* _YOUR GOAL_:
Output the records exactly, every one of them.

+++ STORED DATA

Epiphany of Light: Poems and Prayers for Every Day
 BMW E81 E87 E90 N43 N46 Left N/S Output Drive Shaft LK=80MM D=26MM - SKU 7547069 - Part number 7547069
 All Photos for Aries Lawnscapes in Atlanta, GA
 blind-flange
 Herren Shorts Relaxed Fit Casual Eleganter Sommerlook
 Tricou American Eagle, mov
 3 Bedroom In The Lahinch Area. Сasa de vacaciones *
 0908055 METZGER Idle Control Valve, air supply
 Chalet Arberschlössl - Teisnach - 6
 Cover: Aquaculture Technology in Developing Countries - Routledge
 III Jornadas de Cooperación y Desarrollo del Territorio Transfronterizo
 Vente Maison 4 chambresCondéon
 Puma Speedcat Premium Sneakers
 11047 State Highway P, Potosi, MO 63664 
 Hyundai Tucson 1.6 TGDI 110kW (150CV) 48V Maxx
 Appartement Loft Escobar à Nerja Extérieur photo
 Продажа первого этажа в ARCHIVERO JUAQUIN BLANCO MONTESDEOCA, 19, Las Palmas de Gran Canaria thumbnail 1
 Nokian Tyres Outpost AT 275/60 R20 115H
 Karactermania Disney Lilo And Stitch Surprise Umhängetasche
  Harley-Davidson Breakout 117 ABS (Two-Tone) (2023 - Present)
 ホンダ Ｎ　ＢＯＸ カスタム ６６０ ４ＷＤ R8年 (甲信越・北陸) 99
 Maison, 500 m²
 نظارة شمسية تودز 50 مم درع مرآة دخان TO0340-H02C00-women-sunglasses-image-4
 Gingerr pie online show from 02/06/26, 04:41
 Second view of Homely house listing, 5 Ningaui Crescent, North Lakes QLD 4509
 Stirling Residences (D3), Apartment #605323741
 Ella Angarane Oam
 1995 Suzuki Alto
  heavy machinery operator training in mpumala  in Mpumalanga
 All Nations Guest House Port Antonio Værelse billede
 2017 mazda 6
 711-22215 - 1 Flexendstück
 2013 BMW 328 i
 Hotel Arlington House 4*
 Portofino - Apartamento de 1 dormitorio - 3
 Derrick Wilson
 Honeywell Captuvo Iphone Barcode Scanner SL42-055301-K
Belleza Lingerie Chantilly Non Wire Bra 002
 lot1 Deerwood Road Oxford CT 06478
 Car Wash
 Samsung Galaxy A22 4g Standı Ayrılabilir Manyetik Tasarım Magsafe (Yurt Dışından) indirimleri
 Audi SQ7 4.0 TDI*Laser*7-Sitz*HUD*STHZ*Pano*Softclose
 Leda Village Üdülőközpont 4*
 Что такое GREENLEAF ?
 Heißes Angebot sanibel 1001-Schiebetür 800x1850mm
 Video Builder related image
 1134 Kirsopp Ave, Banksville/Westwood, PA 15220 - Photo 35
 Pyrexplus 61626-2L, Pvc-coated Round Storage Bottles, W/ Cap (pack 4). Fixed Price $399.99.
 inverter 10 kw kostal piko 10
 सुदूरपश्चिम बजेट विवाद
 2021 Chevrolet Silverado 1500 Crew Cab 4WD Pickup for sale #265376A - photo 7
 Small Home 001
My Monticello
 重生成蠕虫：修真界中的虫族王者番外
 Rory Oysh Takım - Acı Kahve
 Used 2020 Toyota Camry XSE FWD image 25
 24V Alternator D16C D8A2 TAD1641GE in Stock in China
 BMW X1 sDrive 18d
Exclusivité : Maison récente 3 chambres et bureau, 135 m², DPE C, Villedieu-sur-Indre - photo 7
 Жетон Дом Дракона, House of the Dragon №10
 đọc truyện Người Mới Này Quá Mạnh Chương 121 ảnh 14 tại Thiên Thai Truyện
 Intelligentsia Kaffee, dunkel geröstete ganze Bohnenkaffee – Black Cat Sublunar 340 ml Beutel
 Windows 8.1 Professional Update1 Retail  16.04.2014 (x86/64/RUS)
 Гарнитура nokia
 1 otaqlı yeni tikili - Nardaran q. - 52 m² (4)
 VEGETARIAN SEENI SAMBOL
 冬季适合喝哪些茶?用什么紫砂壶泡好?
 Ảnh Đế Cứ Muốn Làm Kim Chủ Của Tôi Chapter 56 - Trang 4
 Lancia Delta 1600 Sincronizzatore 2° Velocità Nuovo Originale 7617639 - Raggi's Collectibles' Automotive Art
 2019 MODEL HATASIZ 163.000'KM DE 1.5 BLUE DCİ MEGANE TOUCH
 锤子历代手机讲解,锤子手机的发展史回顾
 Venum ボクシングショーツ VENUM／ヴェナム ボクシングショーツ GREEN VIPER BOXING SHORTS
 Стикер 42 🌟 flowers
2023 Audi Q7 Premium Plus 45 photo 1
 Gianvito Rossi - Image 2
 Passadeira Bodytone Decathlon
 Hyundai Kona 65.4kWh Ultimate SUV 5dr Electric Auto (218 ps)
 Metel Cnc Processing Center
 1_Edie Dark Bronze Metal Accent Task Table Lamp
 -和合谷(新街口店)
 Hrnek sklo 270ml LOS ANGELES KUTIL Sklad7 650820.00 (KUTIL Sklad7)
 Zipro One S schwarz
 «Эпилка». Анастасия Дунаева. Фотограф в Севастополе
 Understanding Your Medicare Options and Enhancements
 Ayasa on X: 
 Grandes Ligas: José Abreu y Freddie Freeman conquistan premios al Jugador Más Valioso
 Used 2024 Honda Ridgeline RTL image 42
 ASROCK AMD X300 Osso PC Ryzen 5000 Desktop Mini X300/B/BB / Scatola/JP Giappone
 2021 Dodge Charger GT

++++++

* _RESPONSE BELOW_:
Epiphany of Light: Poems and Prayers for Every Day
 BMW E81 E87 E90 N43 N46 Left N/S Output Drive Shaft LK=80MM D=26MM - SKU 7547069 - Part number 7547069
 All Photos for Aries Lawnscapes in Atlanta, GA
 blind-flange
 Herren Shorts Relaxed Fit Casual Eleganter Sommerlook
 Tricou American Eagle, mov
 3 Bedroom In The Lahinch Area. Сasa de vacaciones *
 0908055 METZGER Idle Control Valve, air supply
 Chalet Arberschlössl - Teisnach - 6
 Cover: Aquaculture Technology in Developing Countries - Routledge
 III Jornadas de Cooperación y Desarrollo del Territorio Transfronterizo
 Vente Maison 4 chambresCondéon
 Puma Speedcat Premium Sneakers
 11047 State Highway P, Potosi, MO 63664 
 Hyundai Tucson 1.6 TGDI 110kW (150CV) 48V Maxx
 Appartement Loft Escobar à Nerja Extérieur photo
 Продажа первого этажа в ARCHIVERO JUAQUIN BLANCO MONTESDEOCA, 19, Las Palmas de Gran Canaria thumbnail 1
 Nokian Tyres Outpost AT 275/60 R20 115H
 Karactermania Disney Lilo And Stitch Surprise Umhängetasche
  Harley-Davidson Breakout 117 ABS (Two-Tone) (2023 - Present)
 ホンダ Ｎ　ＢＯＸ カスタム ６６０ ４ＷＤ R8年 (甲信越・北陸) 99
 Maison, 500 m²
 نظارة شمسية تودز 50 مم درع مرآة دخان TO0340-H02C00-women-sunglasses-image-4
 Gingerr pie online show from 02/06/26, 04:41
 Second view of Homely house listing, 5 Ningaui Crescent, North Lakes QLD 4509
 Stirling Residences (D3), Apartment #605323741
 Ella Angarane Oam
 1995 Suzuki Alto
  heavy machinery operator training in mpumala  in Mpumalanga
 All Nations Guest House Port Antonio Værelse billede
 2017 mazda 6
 711-22215 - 1 Flexendstück
 2013 BMW 328 i
 Hotel Arlington House 4*
 Portofino - Apartamento de 1 dormitorio - 3
 Derrick Wilson
 Honeywell Captuvo Iphone Barcode Scanner SL42-055301-K
Belleza Lingerie Chantilly Non Wire Bra 002
 lot1 Deerwood Road Oxford CT 06478
 Car Wash
 Samsung Galaxy A22 4g Standı Ayrılabilir Manyetik Tasarım Magsafe (Yurt Dışından) indirimleri
 Audi SQ7 4.0 TDI*Laser*7-Sitz*HUD*STHZ*Pano*Softclose
 Leda Village Üdülőközpont 4*
 Что такое GREENLEAF ?
 Heißes Angebot sanibel 1001-Schiebetür 800x1850mm
 Video Builder related image
 1134 Kirsopp Ave, Banksville/Westwood, PA 15220 - Photo 35
 Pyrexplus 61626-2L, Pvc-coated Round Storage Bottles, W/ Cap (pack 4). Fixed Price $399.99.
 inverter 10 kw kostal piko 10
 सुदूरपश्चिम बजेट विवाद
 2021 Chevrolet Silverado 1500 Crew Cab 4WD Pickup for sale #265376A - photo 7
 Small Home 001
My Monticello
 重生成蠕虫：修真界中的虫族王者番外
 Rory Oysh Takım - Acı Kahve
 Used 2020 Toyota Camry XSE FWD image 25
 24V Alternator D16C D8A2 TAD1641GE in Stock in China
 BMW X1 sDrive 18d
Exclusivité : Maison récente 3 chambres et bureau, 135 m², DPE C, Villedieu-sur-Indre - photo 7
 Жетон Дом Дракона, House of the Dragon №10
 đọc truyện Người Mới Này Quá Mạnh Chương 121 ảnh 14 tại Thiên Thai Truyện
 Intelligentsia Kaffee, dunkel geröstete ganze Bohnenkaffee – Black Cat Sublunar 340 ml Beutel
 Windows 8.1 Professional Update1 Retail  16.04.2014 (x86/64/RUS)
 Гарнитура nokia
 1 otaqlı yeni tikili - Nardaran q. - 52 m² (4)
 VEGETARIAN SEENI SAMBOL
 冬季适合喝哪些茶?用什么紫砂壶泡好?
 Ảnh Đế Cứ Muốn Làm Kim Chủ Của Tôi Chapter 56 - Trang 4
 Lancia Delta 1600 Sincronizzatore 2° Velocità Nuovo Originale 7617639 - Raggi's Collectibles' Automotive Art
 2019 MODEL HATASIZ 163.000'KM DE 1.5 BLUE DCİ MEGANE TOUCH
 锤子历代手机讲解,锤子手机的发展史回顾
 Venum ボクシングショーツ VENUM／ヴェナム ボクシングショーツ GREEN VIPER BOXING SHORTS
 Стикер 42 🌟 flowers
2023 Audi Q7 Premium Plus 45 photo 1
 Gianvito Rossi - Image 2
 Passadeira Bodytone Decathlon
 Hyundai Kona 65.4kWh Ultimate SUV 5dr Electric Auto (218 ps)
 Metel Cnc Processing Center
 1_Edie Dark Bronze Metal Accent Task Table Lamp
 -和合谷(新街口店)
 Hrnek sklo 270ml LOS ANGELES KUTIL Sklad7 650820.00 (KUTIL Sklad7)
 Zipro One S schwarz
 «Эпилка». Анастасия Дунаева. Фотограф в Севастополе
 Understanding Your Medicare Options and Enhancements
 Ayasa on X: 
 Grandes Ligas: José Abreu y Freddie Freeman conquistan premios al Jugador Más Valioso
 Used 2024 Honda Ridgeline RTL image 42
 ASROCK AMD X300 Osso PC Ryzen 5000 Desktop Mini X300/B/BB / Scatola/JP Giappone
 2021 Dodge Charger GT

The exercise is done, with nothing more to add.